Num primeiro momento a Turma Especial da Subseção II de Direito Privado do Tribunal de Justiça de São Paulo, em sessão realizada aos 22 de setembro de 2022, aprovou o Enunciado nº 11 segundo o qual “a cobrança extrajudicial de dívida prescrita é ilícita. O seu registro na plataforma ‘Serasa Limpa Nome’ ou similares de mesma natureza, por si só, não caracteriza dano moral, exceto provada divulgação a terceiros ou alteração no sistema de pontuação de créditos: score”.¹
Posteriormente, instaurado o IRDR no âmbito das Turmas Especiais Reunidas de Direito Privado 1, 2 e 3 do Tribunal de Justiça de São Paulo em novembro de 2024 o Incidente foi julgado prejudicado por perda superveniente de interesse processual tendo em vista que a afetação de recurso, por tribunal superior, impossibilita o cabimento do IRDR nos termos do art. 976, §4º, do CPC. ²
Em outubro de 2022 o Tribunal de Justiça do Rio Grande do Sul julgou IRDR sobre o tema afastando o direito à indenização pela inscrição de dívida prescrita em plataforma de negociação entendendo pela legalidade da prática analisando especificamente o caso da plataforma “Serasa Limpa Nome”.³
Na sequência, em novembro de 2022 o Tribunal de Justiça do Rio Grande do Norte entendeu que não é possível a propositura de ação com a única finalidade de ter reconhecida a prescrição julgando então prejudicados os pedidos de reconhecimento de inexigibilidade da dívida e de indenização por danos morais.⁴
Já em abril de 2023 o Tribunal de Justiça de Minas Gerais decidiu admitir a instauração do IRDR ponderando a existência de corrente majoritária no âmbito daquele tribunal no sentido de que a prescrição impede apenas a propositura de ação judicial, sendo possível a cobrança ou negociação extrajudicial de dívidas prescritas, acrescentando que o cadastro “Serasa Limpa Nome” não pode ser consultado por terceiros e nem afeta o score do consumidor, persistindo entretanto a controvérsia.
Por sua vez, o Tribunal de Justiça do Amazonas em junho de 2023 entendeu que as plataformas de negociação de dívidas possuem natureza distinta dos serviços de proteção ao crédito, não configurando portanto negativação.

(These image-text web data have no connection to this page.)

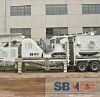 SBM Portable mobile Cone crushing Plant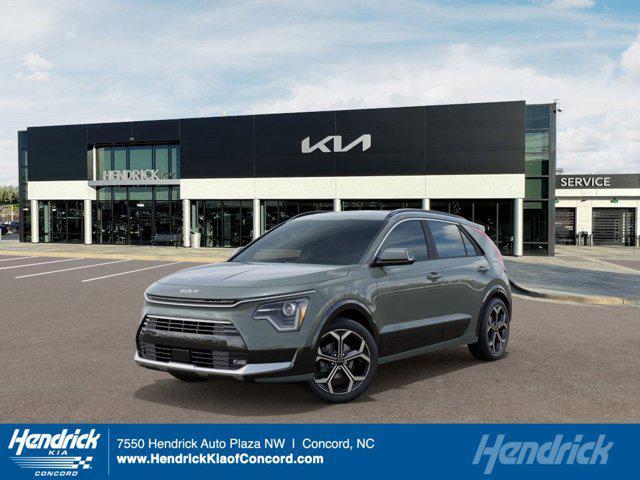 new 2025 Kia Niro car, priced at $34,010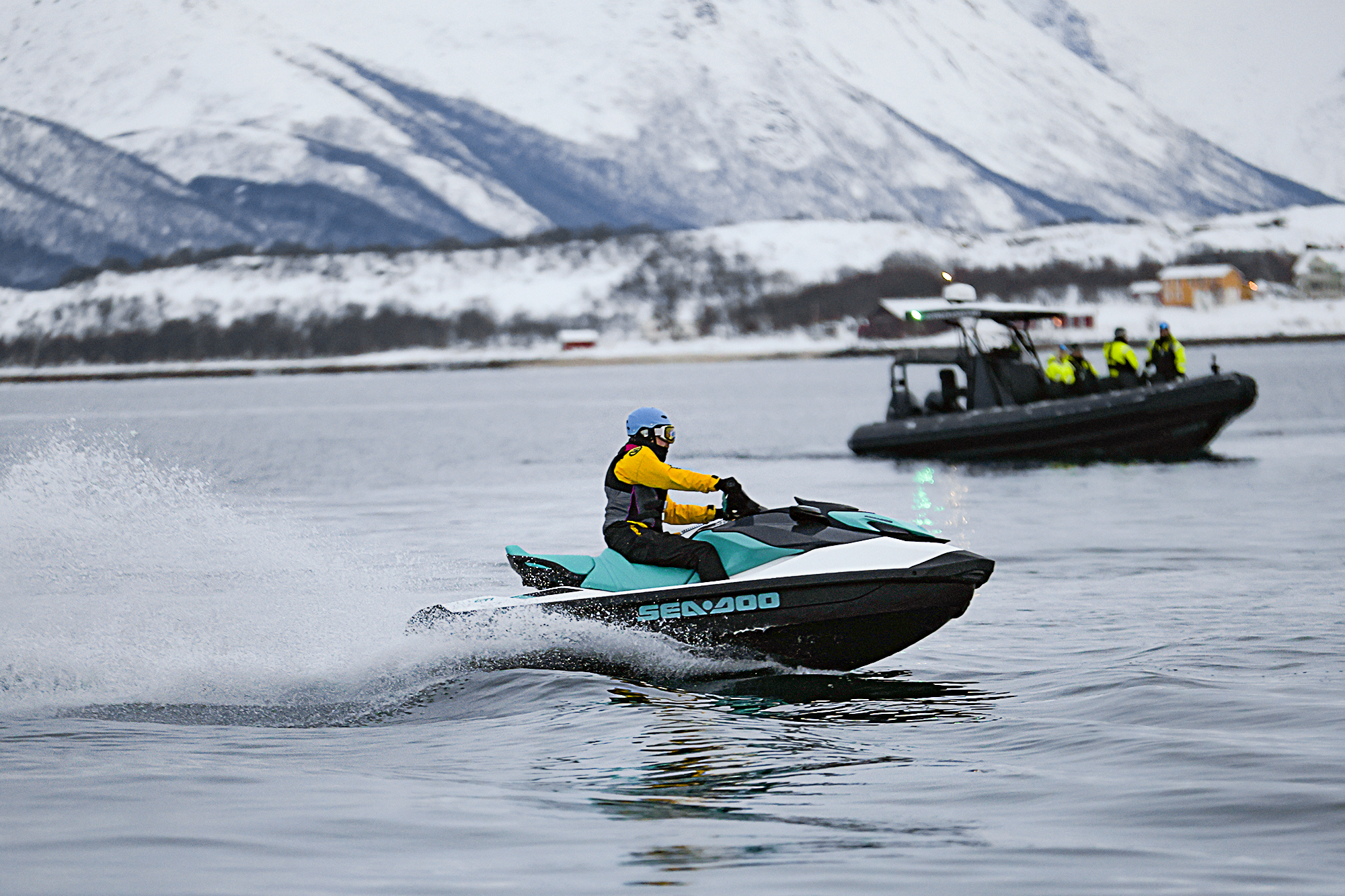 Høyhastighetskurs vannscooter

Assim, decidiu que o registro de dívidas prescritas em plataformas de negociação é legítima e não configura indevida restrição de crédito, afastando a configuração de ato ilícito ensejador de dano moral e a correspondente reparação. Observou, entretanto, que deve ser respeitado o sigilo das informações e que não pode haver coerção para aderir à proposta de pagamento .
Por fim, a Segunda Seção do Superior Tribunal de Justiça em 03 de junho de 2024 decidiu submeter o julgamento da matéria ao rito dos recursos repetitivos para “definir se a dívida prescrita pode ser exigida extrajudicialmente, inclusive com a inscrição do nome do devedor em plataformas de acordo ou de renegociação de débitos.”
Em vista desse quadro fático, no que diz respeito às relações de consumo temos a presunção de vulnerabilidade do consumidor por força do artigo 4º, inciso I do Código de Defesa do Consumidor.
A prescrição, por sua vez, está relacionada à extinção da pretensão conforme o artigo 189 do Código Civil. Como pretensão a maioria da literatura jurídica entende o poder de exigir uma prestação sendo portanto um fenômeno do campo material gerando efeitos processuais de modo reflexo.
Quanto aos impactos da inclusão do devedor especificamente no “Serasa Limpa Nome”, verifica-se influência direta sobre o “score” do consumidor. Isto porque atualmente o pagamento de uma dívida negativada no “Serasa Limpa Nome” tem o potencial de fazer o “score” subir, inclusive imediatamente se o pagamento for efetuado por PIX. Assim, a pontuação “score” afeta a aprovação de crédito e a qualidade das ofertas. Isto porque um “score” alto pode garantir melhores condições, como maiores limites de crédito e juros menores indicando boa gestão financeira e confiabilidade para as empresas.
Resta evidente, portanto, os efeitos deletérios da inclusão do consumidor naquela plataforma na sociedade de consumo atual. Conforme julgado recente do Tribunal de Justiça de São Paulo:
Ora, a referida plataforma [Serasa Limpa Nome] é autêntico banco de dados acessado por terceiros, posto ser essa sua finalidade precípua, inclusive considerando que a inscrição de dívida influencia na redução do score do consumidor.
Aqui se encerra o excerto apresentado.